En Birmanie, au Sri Lanka, en Thaïlande des moines ont excité à la haine contre les musulmans en prônant la violence, alors que la non-violence est au cœur du bouddhisme. Ainsi que l’expliquait Le Monde du 3 décembre 2017 : Le précepte de non-violence (ahimsa) est central dans le bouddhisme, mais il s’efface systématiquement derrière la raison d’Etat, partout où le clergé est fortement encadré par le pouvoir politique. (L’article en entier est disponible en cliquant sur ce lien).
Le retour vers la religion passe souvent par l’anticléricalisme
La notion de Dieu avec toute sa force transcendantale mobilise l’humain. Mais entre les mains des pouvoirs terrestres, cette mobilisation devient une bombe. Il convient donc de tout faire pour la désamorcer. Et ce ne sont pas les démonstrations d’athéisme qui pourraient y contribuer car elles ne trouveront guère d’oreilles.

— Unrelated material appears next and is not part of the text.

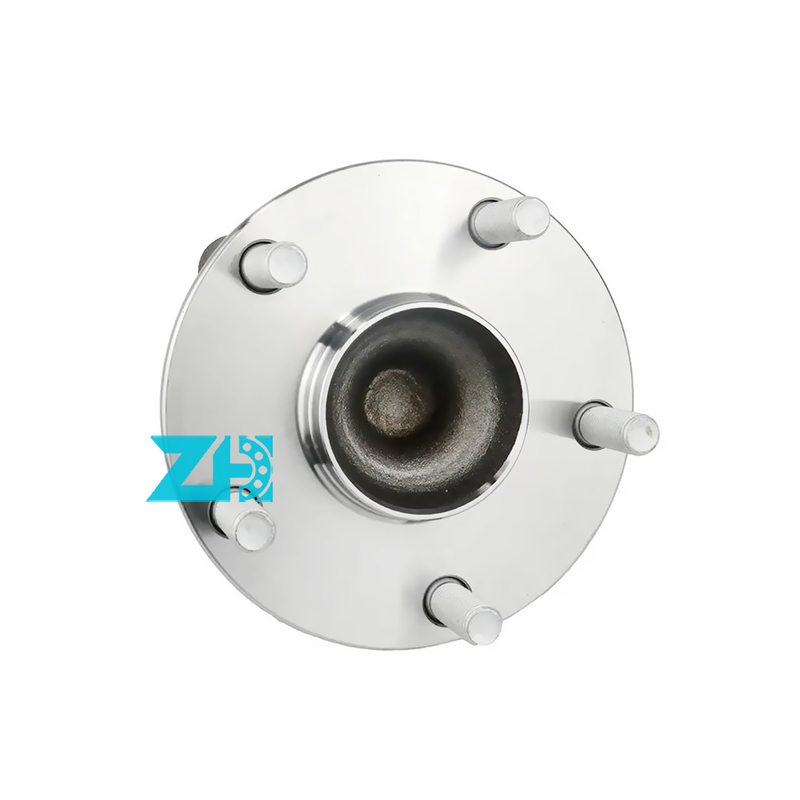 محور چرخ کروی حامل 43550-0N020 435500N020 مونتاژ واحد محور چرخ برای تویوتا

C’est donc sur le terrain même de la religion qu’il faudrait intervenir en replaçant en pleine lumière le « moment universel » qu’elle a connu et que ses clercs ont occulté au service des Princes. Le retour à la religion, au sens premier du terme, passe donc souvent par l’anticléricalisme.
Faire vivre le christianisme primitif
Pour celles et ceux qui sont de culture chrétienne, c’est le christianisme primitif qu’il convient de faire vivre pour désamorcer le dieu des pouvoirs. Certes, on ne sait guère en quoi il consiste, ce christianisme primitif, éparpillé en de nombreuses écoles gnostiques ou autres.

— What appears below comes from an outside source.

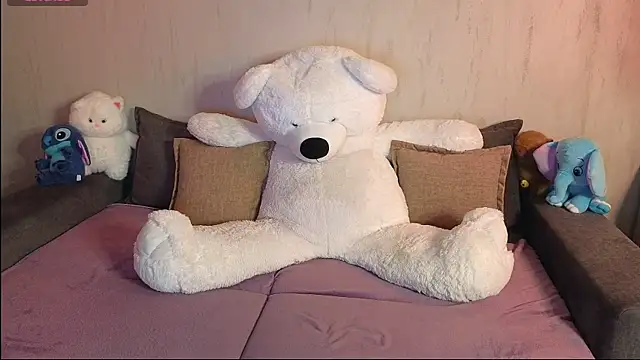 Rosaline lov online show from September 18, 5:04 pm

Ce n’est donc pas dans ses traces historiques qu’il sera possible de le trouver mais plutôt dans l’esprit des Evangiles débarrassés des dogmes qui ont obscurci ce message : dans la personne du Christ, Dieu est Amour et s’est fait humain pour que l’humain se fasse Dieu.
Il n’y a pas de miracle, même dans ce contexte ! Retrouver le « moment universel » des grandes religions n’apportera pas illico la paix et la tolérance. Mais abandonner la notion de Dieu, c’est la laisser prendre en otage de tous ceux qui ont fait du triomphe de leur communauté un combat sans merci. Il faut, au contraire, lui redonner son sens véritable, retrouver le contenu libératoire et stimulant de la transcendance. Bref, sortir Dieu de l’Histoire pour qu’il regagne le cœur des humains.
Jean-Noël Cuénod
[1] Quant au nazisme, il se situe à part, de même que les autres formes de fascismes ; sa volonté n’est universaliste que dans la mesure où la race aryenne doit dominer l’humanité en se fondant sur une hiérarchie ethnique qui doit tout au délire et rien à la science. C’est un universalisme réduit à une seule, ou presque, identité ; c’est dire qu’on ne saurait parler d’universalisme à son propos. Si le nazisme utilise une forme de transcendance, c’est sous la forme du paganisme germanique que voulait encadrer Himmler.